Nicht nur das eAuto wird alltäglich. Auch eArztbrief, ePA, eAU, eRezept und eMedikationsplan werden üblich. Medizinische Informationsobjekte, kurz MIOs, als digitale Informationsbausteine mit medizinischen Daten wie digitaler Impfpass, Mutterpass, Kinderuntersuchungsheft und ein zahnärztliches Bonusheft sind weit in der Entwicklung vorangeschritten. Nun sollen der Krankenhaus-Entlassbrief und auch der (Röntgen-)Bildpass folgen.

Weitere Anwendungen werden mit der TI 2.0 in der „Arena für digitale Medizin“ an den Start gehen. Es müssen administrative Entlastungen für die medizinischen Berufe geschaffen werden und einen Beitrag liefern, damit aus dem Gesundheitsmanagement eine Teamleistung wird. Digitale Anwendungen werden entscheidend dazu beitragen, dass semantisch einheitliche und strukturierte medizinische Informationen, die für die Behandlung der Patienten benötigt werden, schneller und lückenloser verfügbar sind.

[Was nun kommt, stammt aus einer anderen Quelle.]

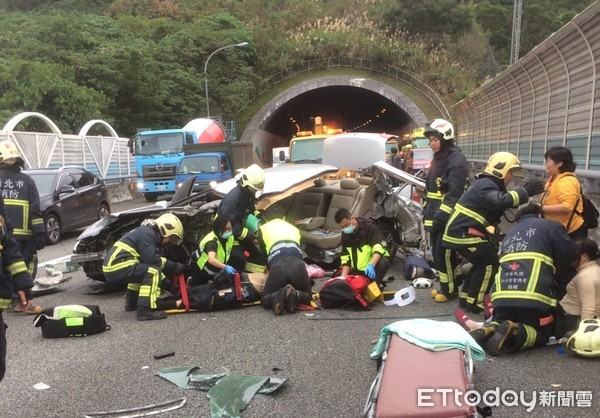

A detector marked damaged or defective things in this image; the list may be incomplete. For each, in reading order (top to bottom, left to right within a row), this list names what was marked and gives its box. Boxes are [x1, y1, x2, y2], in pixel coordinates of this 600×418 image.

shattered windshield [135, 132, 184, 155]
wrecked car [71, 136, 426, 282]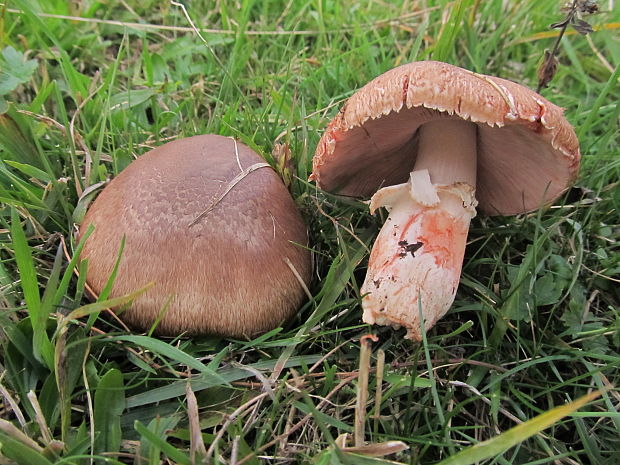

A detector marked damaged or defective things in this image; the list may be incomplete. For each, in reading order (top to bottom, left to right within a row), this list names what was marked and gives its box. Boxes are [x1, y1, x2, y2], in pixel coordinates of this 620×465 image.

torn veil remnant [80, 134, 312, 338]
torn veil remnant [312, 59, 580, 338]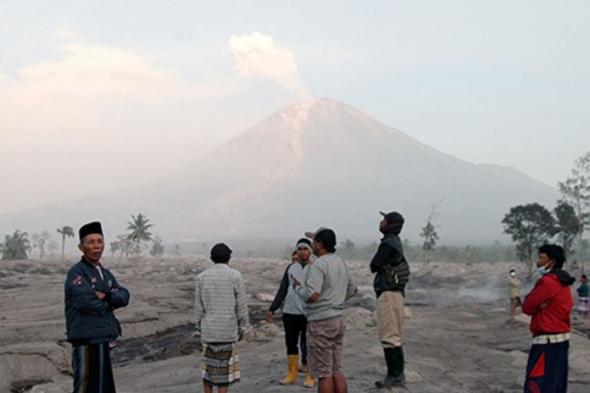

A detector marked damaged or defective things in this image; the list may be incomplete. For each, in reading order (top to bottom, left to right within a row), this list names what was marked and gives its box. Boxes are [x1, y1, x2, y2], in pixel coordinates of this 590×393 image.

damaged landscape [2, 256, 588, 390]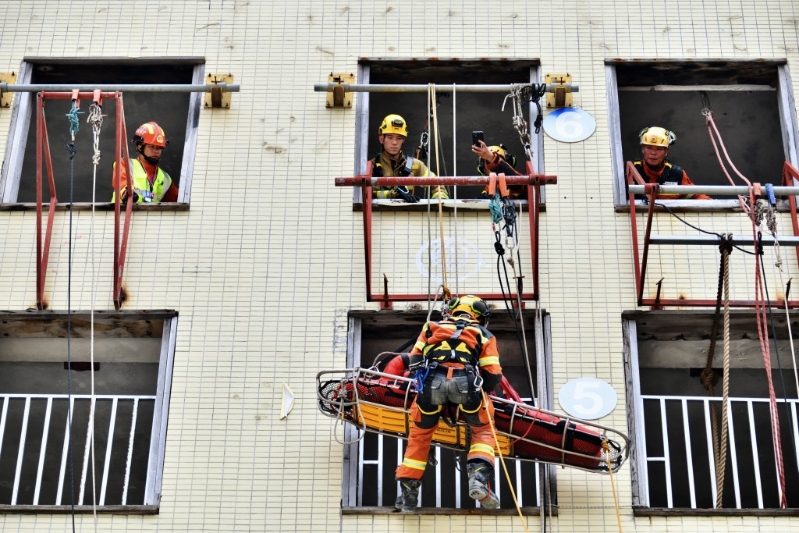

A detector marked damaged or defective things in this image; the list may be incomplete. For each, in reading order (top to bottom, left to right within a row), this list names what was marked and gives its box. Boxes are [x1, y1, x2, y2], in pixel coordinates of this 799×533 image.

rusty metal bracket [0, 71, 16, 108]
rusty metal bracket [203, 73, 234, 108]
rusty metal bracket [326, 72, 354, 108]
rusty metal bracket [548, 72, 572, 108]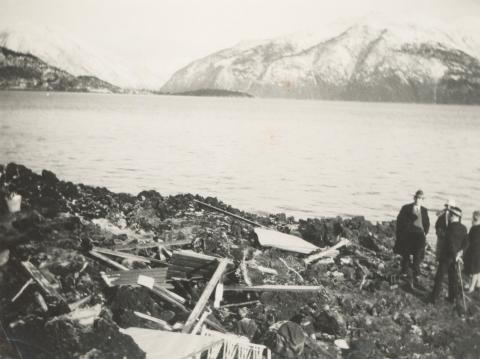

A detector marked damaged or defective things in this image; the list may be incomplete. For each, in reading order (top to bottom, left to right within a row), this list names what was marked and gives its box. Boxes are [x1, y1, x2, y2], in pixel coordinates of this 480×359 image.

broken wooden plank [194, 200, 264, 228]
broken wooden plank [88, 252, 128, 272]
broken wooden plank [92, 246, 167, 266]
broken board fragment [255, 229, 318, 255]
broken wooden plank [255, 229, 318, 255]
broken wooden plank [306, 238, 350, 266]
broken wooden plank [20, 262, 66, 304]
broken wooden plank [183, 258, 230, 334]
broken wooden plank [133, 312, 172, 332]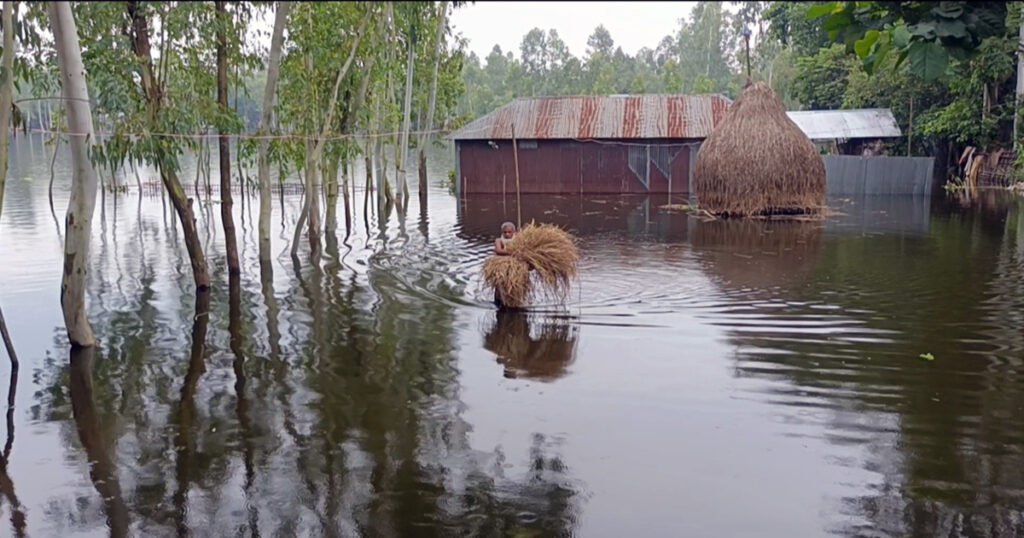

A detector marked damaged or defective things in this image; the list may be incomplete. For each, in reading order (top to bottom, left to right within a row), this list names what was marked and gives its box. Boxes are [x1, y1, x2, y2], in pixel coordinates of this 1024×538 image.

rusty corrugated metal roof [448, 93, 729, 140]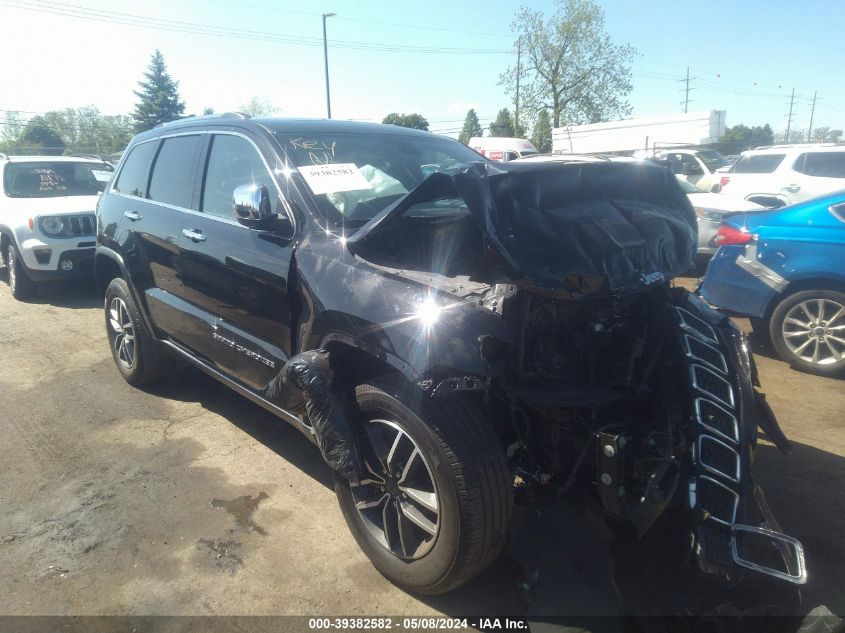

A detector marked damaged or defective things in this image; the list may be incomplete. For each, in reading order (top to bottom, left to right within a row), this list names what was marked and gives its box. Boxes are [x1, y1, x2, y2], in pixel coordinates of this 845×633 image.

crumpled hood [346, 158, 696, 296]
torn sheet metal [346, 158, 696, 296]
torn sheet metal [260, 348, 360, 482]
damaged front end [308, 159, 804, 588]
detached front bumper [672, 296, 804, 584]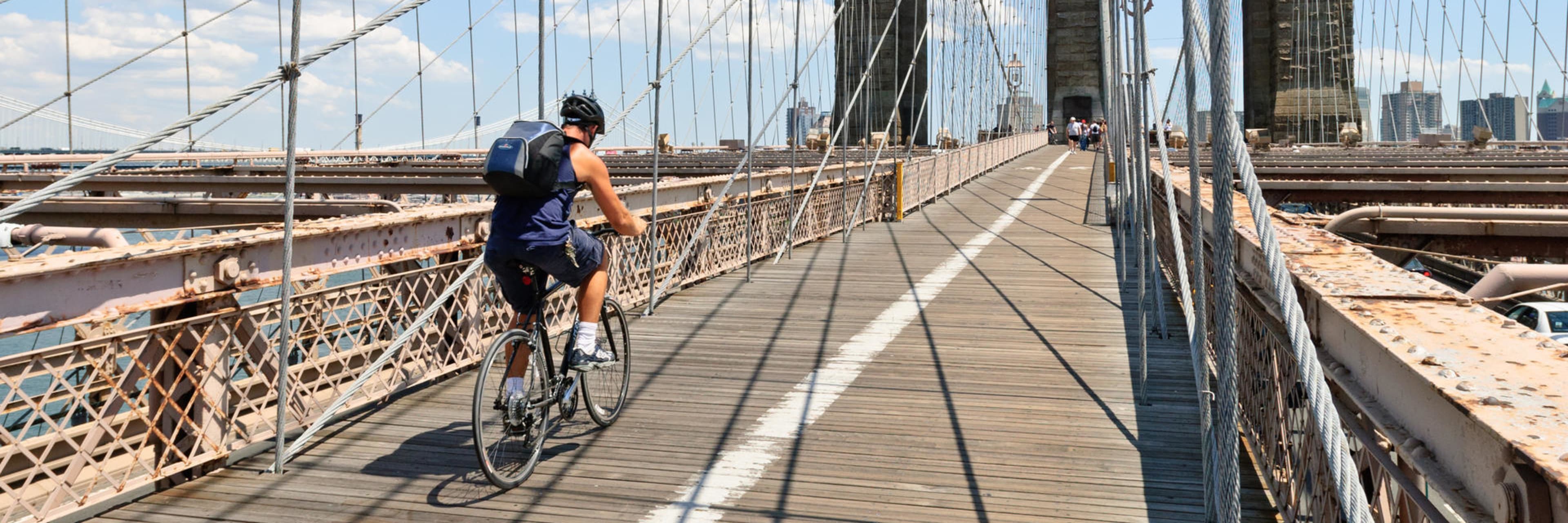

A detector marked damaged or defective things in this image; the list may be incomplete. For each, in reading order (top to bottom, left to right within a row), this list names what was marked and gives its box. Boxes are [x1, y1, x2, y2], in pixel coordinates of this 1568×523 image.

rusty steel beam [1154, 161, 1568, 518]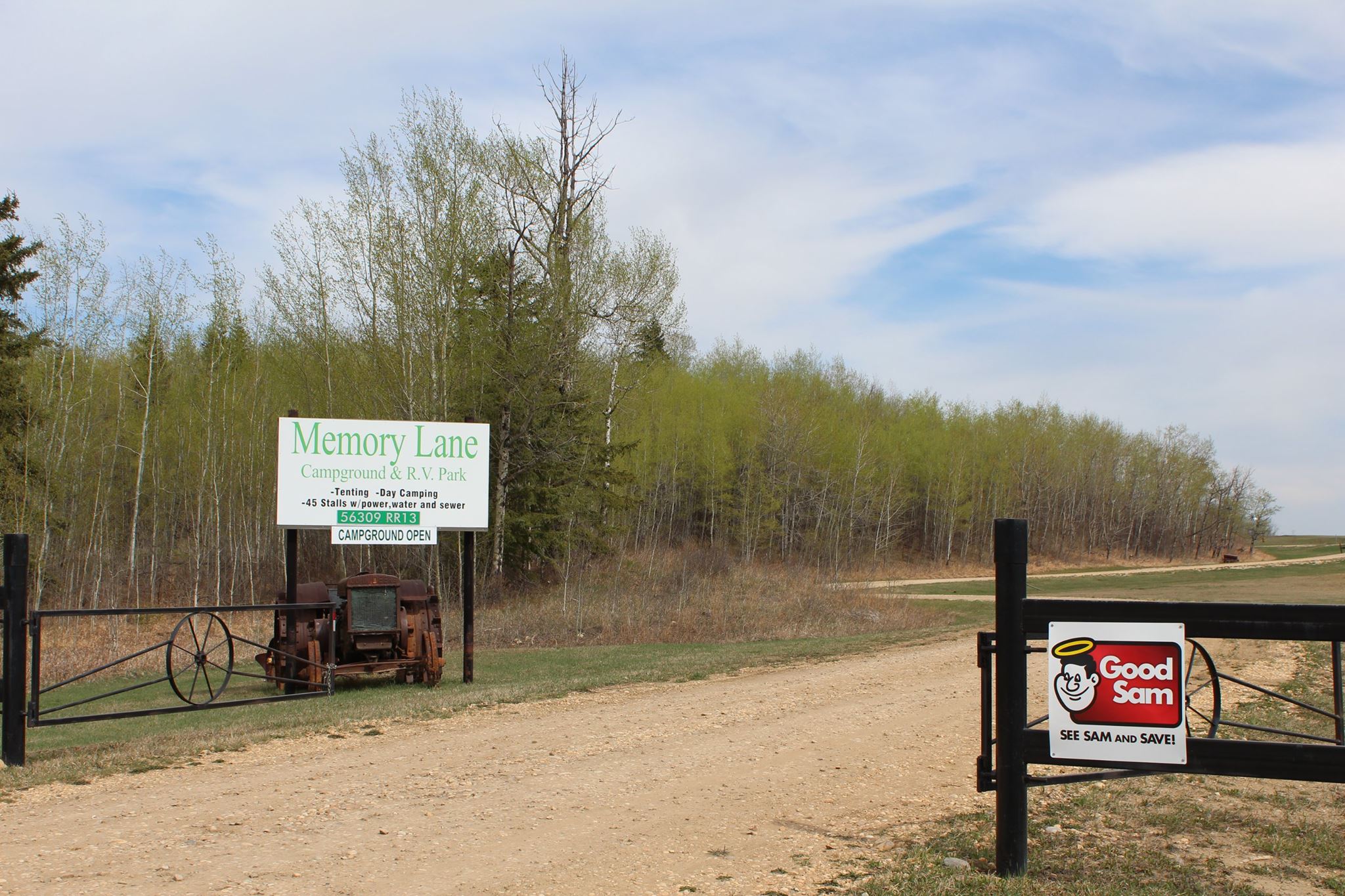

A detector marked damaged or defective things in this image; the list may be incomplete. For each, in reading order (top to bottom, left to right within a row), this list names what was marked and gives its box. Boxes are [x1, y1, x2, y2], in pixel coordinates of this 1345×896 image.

rusted metal tractor [259, 572, 449, 693]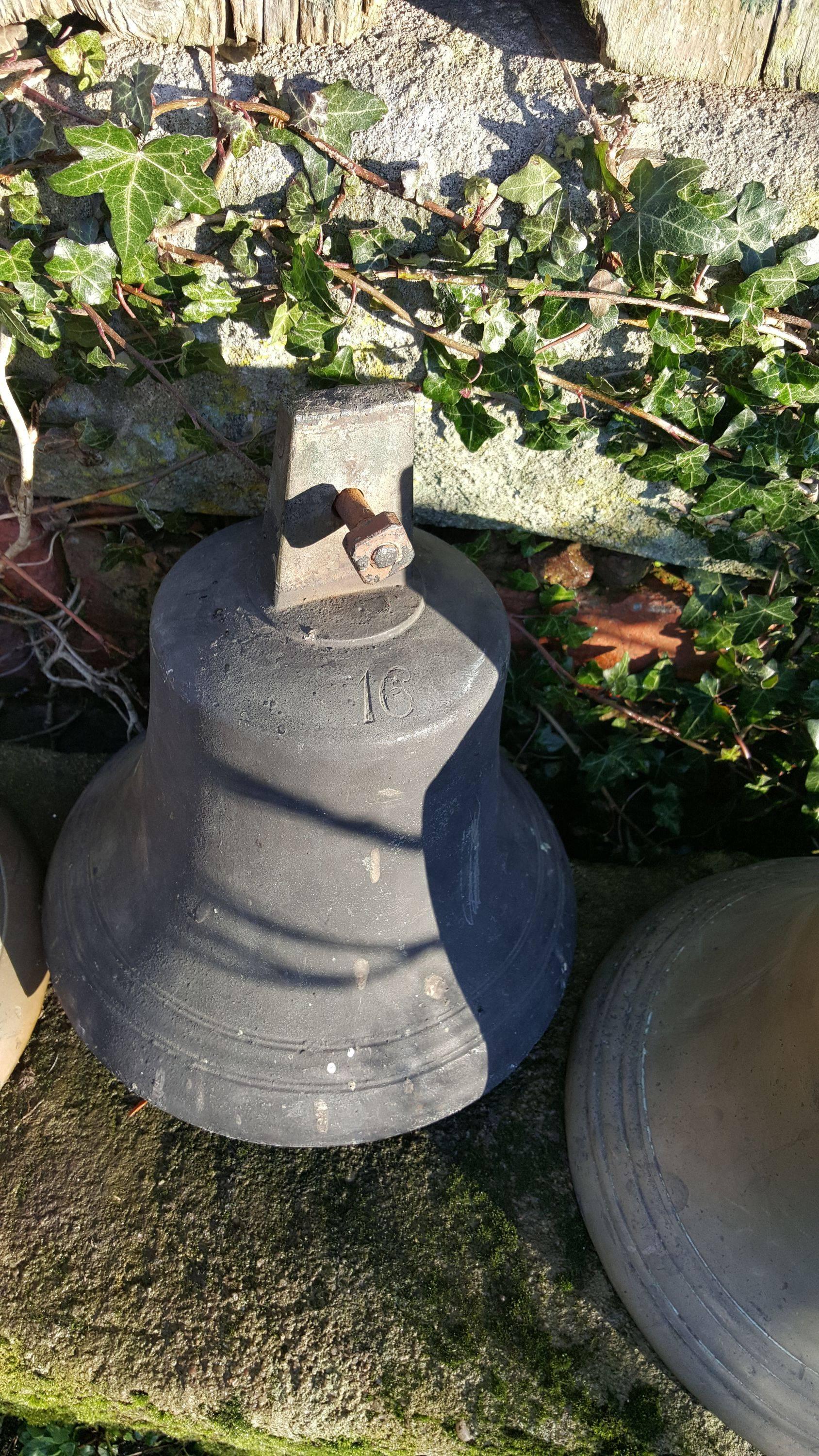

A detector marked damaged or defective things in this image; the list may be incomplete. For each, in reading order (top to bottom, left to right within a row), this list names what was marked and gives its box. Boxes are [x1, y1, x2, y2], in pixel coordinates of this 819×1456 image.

Offenbar stimmt es dann schon, KIM hat etwas von rohen Eiern, denn es geht um hoch sensible personenbezogene Gesundheitsdaten. Was uns „spanisch“ vorkommt, ist für die Einordnung und Umsetzung mancherorts schwierig. Aber der Rauch muss sich lösen. Die Kultur muss sich wandeln und es braucht strategische Ziele bei der Ausrichtung des Unternehmens Praxis. Das Arbeiten mit Computer und Vernetzung wird in der Zukunft Alltagsnormalität sein. Und ja, es braucht offenbar eine durchdachte Moderation für die nächsten Schritte in eine gewandelte Welt, um die gebotenen Ziele einer Digitalisierung auch im Gesundheitswesen zu erreichen und jede Generation von Ärztinnen und Ärzten in den Strukturwandel einzubinden.